NAV describes the value of an entity’s assets less the value of its liabilities.
Three foreign PGMs – Impala Platinium, Acquarius and Anglo American Platinum (Amplats) -have operations in Zimbabwe.
Impala has 87% in Zimplats. Acquarius and Impala jointly own Mimosa in Zvishavane. Amplats owns Unki Mine in Shurugwi.
The Indigenisation regulations gazetted last year stipulate that at least 51% shareholding of all foreign owned companies with a value of US$500 000 and above should be in the hands of locals within five years.
Mining companies had already submitted proposals on how it intended to accommodate locals.

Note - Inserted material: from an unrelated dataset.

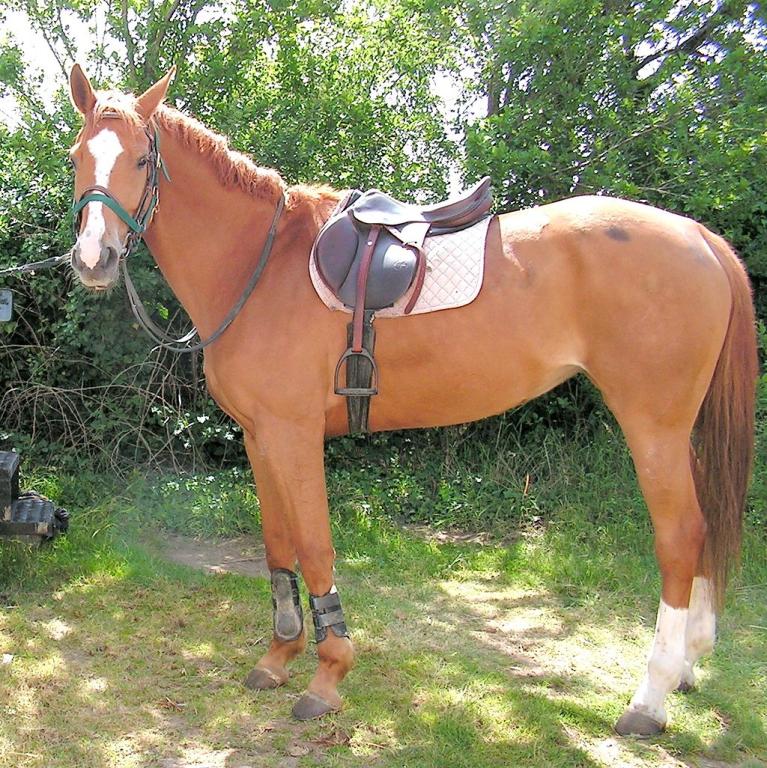 Kaline de Faye, Selle Français mare, Saivres (79), France - Karlyne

The indigenisation crusade is being seen by some analysts as a campaigning tool for possible elections this year or next year.

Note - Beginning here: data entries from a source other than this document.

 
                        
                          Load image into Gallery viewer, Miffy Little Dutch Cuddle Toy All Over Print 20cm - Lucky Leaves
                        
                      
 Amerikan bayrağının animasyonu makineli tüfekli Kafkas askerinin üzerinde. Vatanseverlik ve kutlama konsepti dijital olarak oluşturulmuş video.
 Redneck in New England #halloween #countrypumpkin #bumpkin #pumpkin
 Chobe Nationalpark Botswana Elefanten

According to a report by Deutsche Securities, Impala and Acquarius lose more as their Zimbabwean assets contribute a huge chunk to net asset value.
“We view Implats as the most exposed to Zimbabwe’s risk: together, Zimplats and Mimosa account for 17% of Impala’s NAV of operating assets compared with 16% for Acquarius and 4% for Amplats, Deutsche Securities said.
“On our FY12 [Full Year 2012], Zimbabwe accounts for 13% Impala’s revenue and 23% of its EBITDA (earnings before interest depreciation taxation and amortisation).
EBIDTA is an approximate measure of a company’s operating cash flow based on data from the company’s income statement.
It said this is slightly lower than the numbers for Acquarius but “with the ramp up of Zimplats, we estimate that Impala will be the most exposed
of the three by 2014.
Deutshe Securities said for FY12 it forecasts the percentage of revenue from Zimbabwe operations to range from 2,5% (Amplats) to 19,5% for Acquarius.
“The percentage of EBIDTA for FY12E ranges from 5,1% (Amplats to 24,8% (Acquarius). Looking at FY14, by which time the current expansion at Zimplats and Unki will have been completed, we estimate that Zimbabwean operations will account for 14% of group revenue and 26% of EBIDTA for Impala, 18% of group revenue and 21% of EBIDTA for Acquarius ans 2% of group revenue and 5% of EBIDTA for Amplats,” Deutsche Securities said.
While mining firms had submitted plans on how they intended to be compliant with the law, Zimbabwe had not shown its proposals on how locals would buy the shareholding raising fears that the programme was akin to nationalisation. According to the regulations, foreign owned companies should parcel the stake to community trust, employee trust and the wealth fund, National Indigenisation and Economic Fund.